- **Records shown**

# # # # # # #

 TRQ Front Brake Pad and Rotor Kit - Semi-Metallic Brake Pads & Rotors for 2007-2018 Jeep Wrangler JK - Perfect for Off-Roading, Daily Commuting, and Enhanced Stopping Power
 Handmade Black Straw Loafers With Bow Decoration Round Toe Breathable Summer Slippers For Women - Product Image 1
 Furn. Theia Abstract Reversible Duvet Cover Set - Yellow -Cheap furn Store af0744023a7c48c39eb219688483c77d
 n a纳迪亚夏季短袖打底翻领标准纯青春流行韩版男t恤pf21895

# # # # # # #

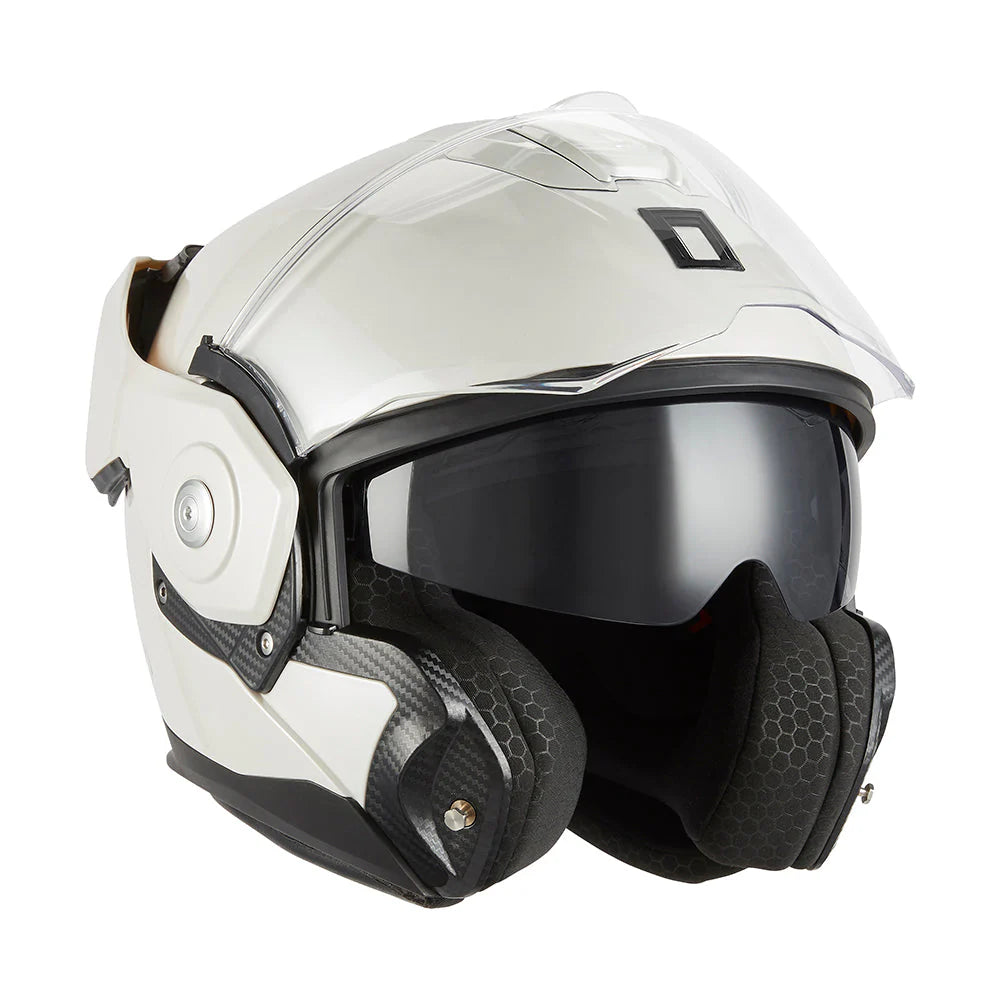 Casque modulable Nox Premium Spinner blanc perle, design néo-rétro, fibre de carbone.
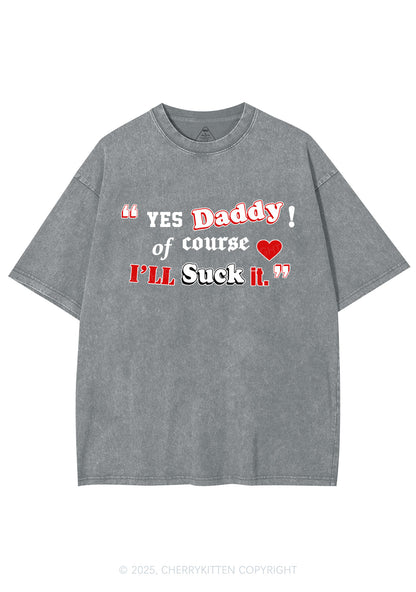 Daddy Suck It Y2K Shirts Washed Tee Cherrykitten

# # # # # # #

Copy out only the lines above from the one with "Furn. Theia Abstract" to the one with "n a纳迪亚夏季短袖打底翻领标准纯青春流行韩版男t恤pf21895", inclusive, exactly as they stand.

 Furn. Theia Abstract Reversible Duvet Cover Set - Yellow -Cheap furn Store af0744023a7c48c39eb219688483c77d
 n a纳迪亚夏季短袖打底翻领标准纯青春流行韩版男t恤pf21895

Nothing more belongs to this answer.